Search the entries for the line containing "五稜郭公園の写真_469158". Repeat it, then every line after it, exactly through the final line.

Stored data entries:
.....

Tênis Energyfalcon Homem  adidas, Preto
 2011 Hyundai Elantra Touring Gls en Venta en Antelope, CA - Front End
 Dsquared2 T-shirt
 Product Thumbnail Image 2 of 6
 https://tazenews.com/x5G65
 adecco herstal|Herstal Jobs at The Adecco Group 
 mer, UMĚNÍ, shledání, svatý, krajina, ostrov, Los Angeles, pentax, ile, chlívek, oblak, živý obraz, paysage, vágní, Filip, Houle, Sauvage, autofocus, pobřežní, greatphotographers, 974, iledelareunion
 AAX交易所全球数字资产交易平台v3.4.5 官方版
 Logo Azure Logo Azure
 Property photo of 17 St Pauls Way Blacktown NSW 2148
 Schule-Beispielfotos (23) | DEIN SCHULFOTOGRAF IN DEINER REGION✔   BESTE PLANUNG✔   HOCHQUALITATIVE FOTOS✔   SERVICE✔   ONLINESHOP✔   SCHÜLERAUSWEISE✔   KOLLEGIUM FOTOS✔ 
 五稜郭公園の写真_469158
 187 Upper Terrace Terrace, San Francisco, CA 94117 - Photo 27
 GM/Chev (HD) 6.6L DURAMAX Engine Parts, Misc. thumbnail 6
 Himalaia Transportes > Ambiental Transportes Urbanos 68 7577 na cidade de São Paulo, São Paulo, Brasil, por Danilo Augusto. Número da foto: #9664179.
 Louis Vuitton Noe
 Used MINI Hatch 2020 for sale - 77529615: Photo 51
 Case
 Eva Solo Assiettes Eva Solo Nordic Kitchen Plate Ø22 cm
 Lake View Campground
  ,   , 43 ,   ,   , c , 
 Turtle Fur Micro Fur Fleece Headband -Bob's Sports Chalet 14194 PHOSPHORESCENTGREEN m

.....

▸ WRITTEN ANSWER
 五稜郭公園の写真_469158
 187 Upper Terrace Terrace, San Francisco, CA 94117 - Photo 27
 GM/Chev (HD) 6.6L DURAMAX Engine Parts, Misc. thumbnail 6
 Himalaia Transportes > Ambiental Transportes Urbanos 68 7577 na cidade de São Paulo, São Paulo, Brasil, por Danilo Augusto. Número da foto: #9664179.
 Louis Vuitton Noe
 Used MINI Hatch 2020 for sale - 77529615: Photo 51
 Case
 Eva Solo Assiettes Eva Solo Nordic Kitchen Plate Ø22 cm
 Lake View Campground
  ,   , 43 ,   ,   , c , 
 Turtle Fur Micro Fur Fleece Headband -Bob's Sports Chalet 14194 PHOSPHORESCENTGREEN m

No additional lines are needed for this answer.